• _EXERCISE DATA_
--- START ---
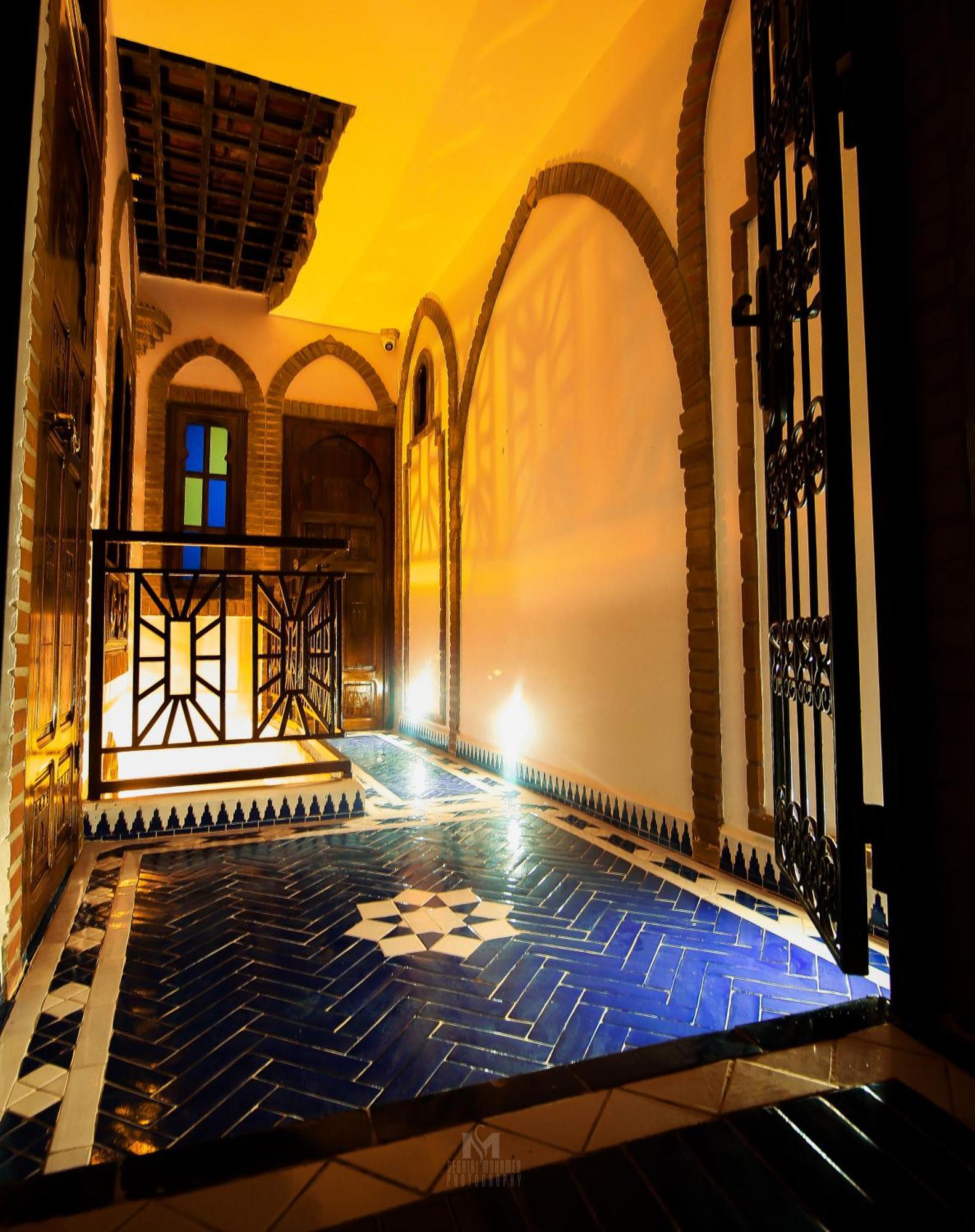 Riad Bab Mahruk Ξενοδοχείο Chefchaouen Εξωτερικό φωτογραφία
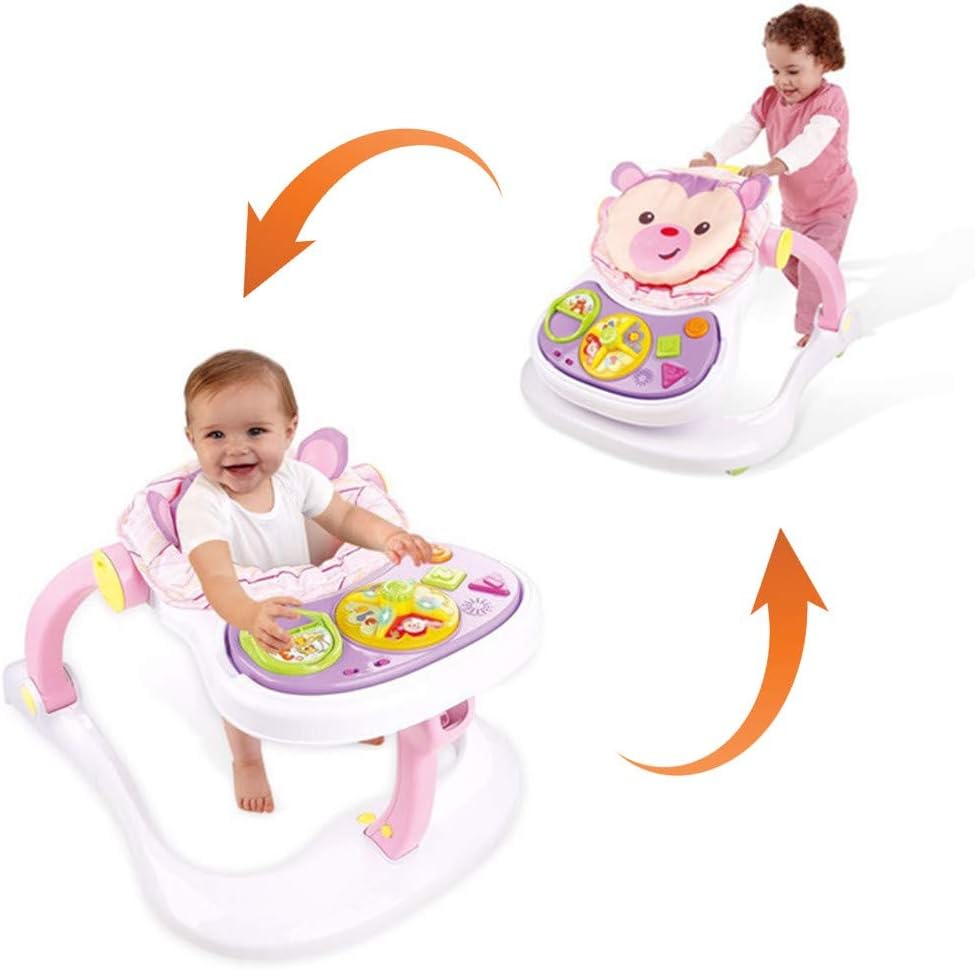 4 in 1 multifunctional baby walker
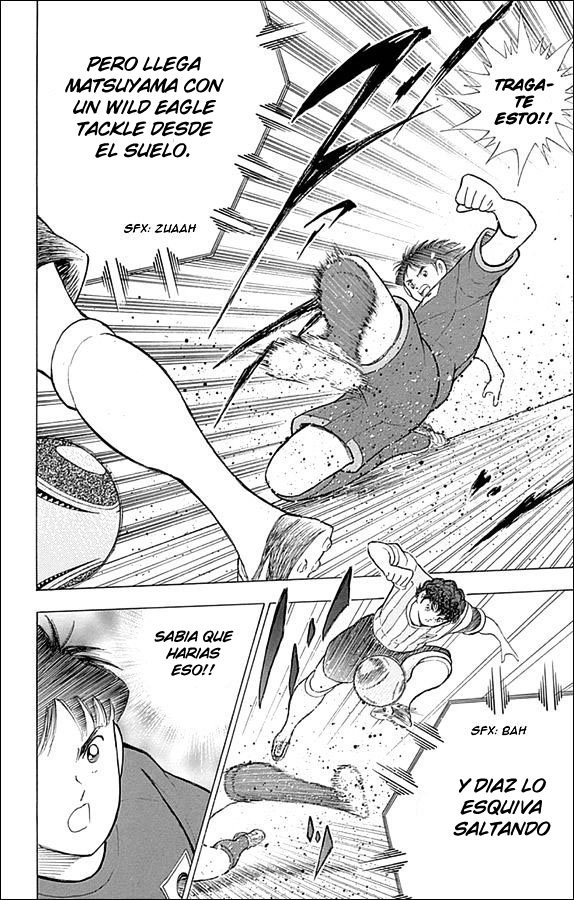 Read Captain Tsubasa Rising Sun ES Manga Online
--- END ---
• _YOUR OBJECTIVE_
Only the pictures are to be left out; repeat all other material exactly.

• _OUTPUT_
 Riad Bab Mahruk Ξενοδοχείο Chefchaouen Εξωτερικό φωτογραφία
 4 in 1 multifunctional baby walker
 Read Captain Tsubasa Rising Sun ES Manga Online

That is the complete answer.